Это был конец сентября 1939-го, и «чехарда» властей продолжалась еще месяца три. Советские войска «передали» Вильно литовцам, но те еще долго не входили в город. Горожане объясняли это тем, что (ха! ха!) единственный литовский водитель танка простудился. Когда литовцы все же вошли, с ними прибыли литовские полицейские ростом не менее метра восьмидесяти сантиметров, которых особенно отбирали для новой столицы, добавив к их мундирам многоцветные шапки высотой не менее чем в 40 сантиметров. Это дало дополнительную причину посмеяться. Местные назвали их «калакутасами», то есть по-литовски «индюками». Новой игрой городских мальчишек стало выкрикивать это слово и пускаться наутек.

Происходили также некоторые более серьезные стычки между литовскими полицейскими и горожанами. Но все же мир оставался «нормальным». Это значило, что жизнь в городе изменилась очень мало, кроме появления беженцев из центральной Польши. В моей личной жизни осталась та же школа с тем же преподаванием на иврите. По-литовски никто говорить не стал, для большинства виленчан это был чужой язык. Органы литовского правительства даже не перебазировались тогда в Вильно – в город, о котором так мечтали литовские патриоты. Президент Литвы Сметана так и не приехал с официальным визитом в свою новую столицу.

В летние каникулы 1940 года воздух вдруг наполнился гулом советских самолетов. Над дачей, на которой мы находились, самолеты летели в сторону Порубанка – виленского аэродрома. Радио сообщило, что по просьбе населения советская армия вошла в Литву. Мы спешно вернулись с каникул. Помнится немногое, но остается в памяти первая вещь, которую я увидел, когда мы въехали в город. Это был красочный плакат, на котором огромная мускулистая рука сжимала глотку гадюки. На гадюке было написано «капитализм», а на руке – «пролетариат». Наши предприятия были национализированы на третий день прихода новой власти. Наша квартира была национализирована также – для нужд новоприехавших чиновников. Мы перешли в квартиру поменьше, но нас выкинули и оттуда, и тогда мы переехали жить в предместье. Моя школа резко изменилась, прекратилось преподавание на иврите как на несуществующем языке – «мелкобуржуазном измышлении сионистов». Это было начало учебного года, и я пошел в польскую школу предместья, где мы теперь проживали. Не ожидалось особых трудностей с продолжением моего образования, так как я свободно говорил на польском – моем первом языке общения. Мне было девять.

Школа идиш

В первый день в новой школе меня сильно избил очень крупный парень из второгодников – старше меня на несколько лет. Бил и кричал: «Жидовская сволочь!» Я отбивался, но он этого даже не заметил – уж очень разные были весовые категории. Домой я вернулся с окровавленным лицом. Отец спросил, что произошло. Я ему рассказал о моем первом дне учебы. Он отреагировал: «Идем к директору школы». Их разговор происходил при мне. Директор сказал отцу: «Я очень сожалею, но, по правде говоря, я не смогу защитить вашего сына, как и не могу обещать, что это все не будет повторяться». С тем мы вернулись домой.
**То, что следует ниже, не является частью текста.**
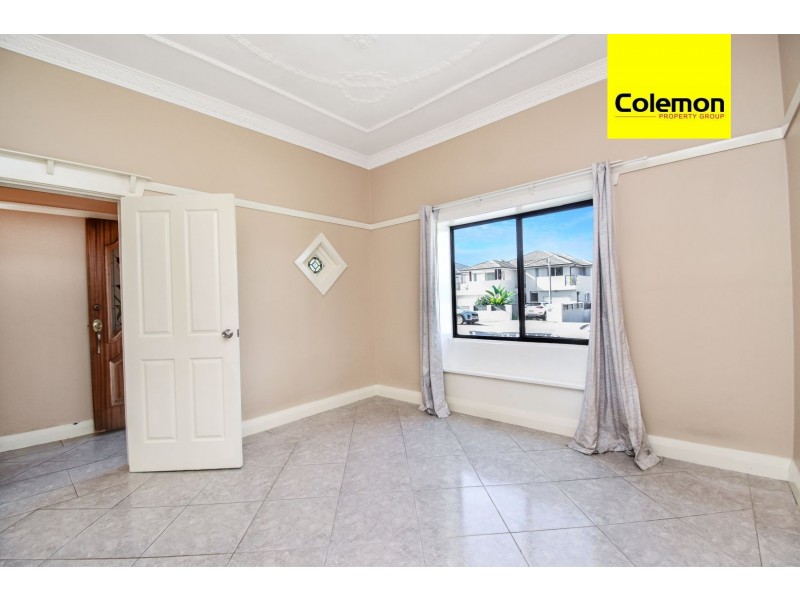 33 Columbine Avenue, Bankstown NSW 2200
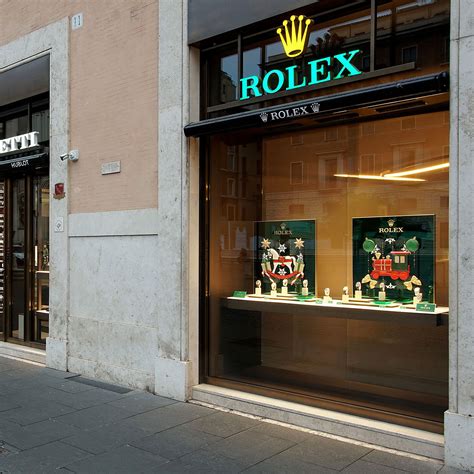 rolex bandiera e bedetti roma|RIVENDITORE AUTORIZZATO ROLEX A ROMA .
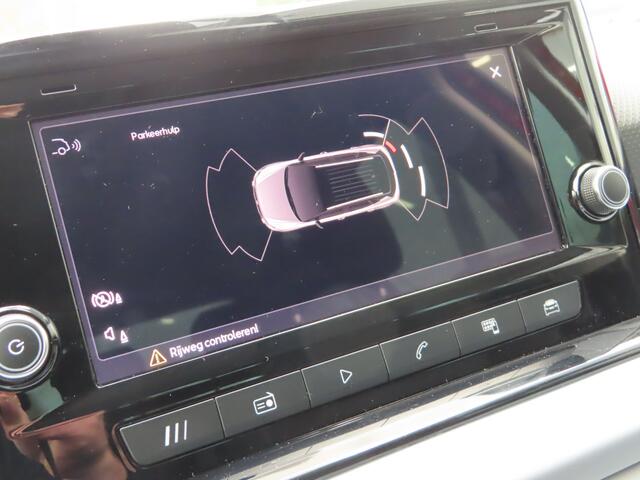 Seat Arona 1.0 EcoTSI Style Business Connect | full led | camera | parkeersensoren voor + achter |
Родители обсуждали, что делать с моей учебой. Решили, что придется переводить меня в сугубо еврейскую школу, а это значило – в школу, где преподают на идиш. Такие школы существовали в Вильно, но на сравнительно далеком расстоянии от нашего нового места проживания. Хуже было с самим языком. В определенной мере я понимал идиш, но не писал и не читал на нем. Научных понятий на идиш я не знал вовсе.

Родители наняли одного из «беженцев» извне Вильно, который взялся доучивать меня идиш. Я должен был ежедневно выучивать определенное количество слов. Когда это удавалось, я получал от своего учителя интересную почтовую марку – я их собирал. Идиш мне давался с трудом – в основном из‑за чувства, что меня заставляют его учить. В школе я часто «срывался», отвечая по-польски даже на уроках, посвященных языку и литературе на идиш. Учителя говорили на это что-то в духе: «Ответ хорош, но повтори его на идиш». Мне это давалось трудно. С другой стороны, со мной произошла метаморфоза: в школе Тарбут с обучением на иврите я учился отменно плохо, несмотря на все усилия матери, которая нанимала мне все новых репетиторов. Сказывалось, по-видимому, то, что мой отец был почетным президентом школы и я чувствовал, что никто не посмеет меня из нее выгнать. Теперь, в новых и трудных обстоятельствах и на малознакомом мне языке, я одним махом стал одним из лучших учеников.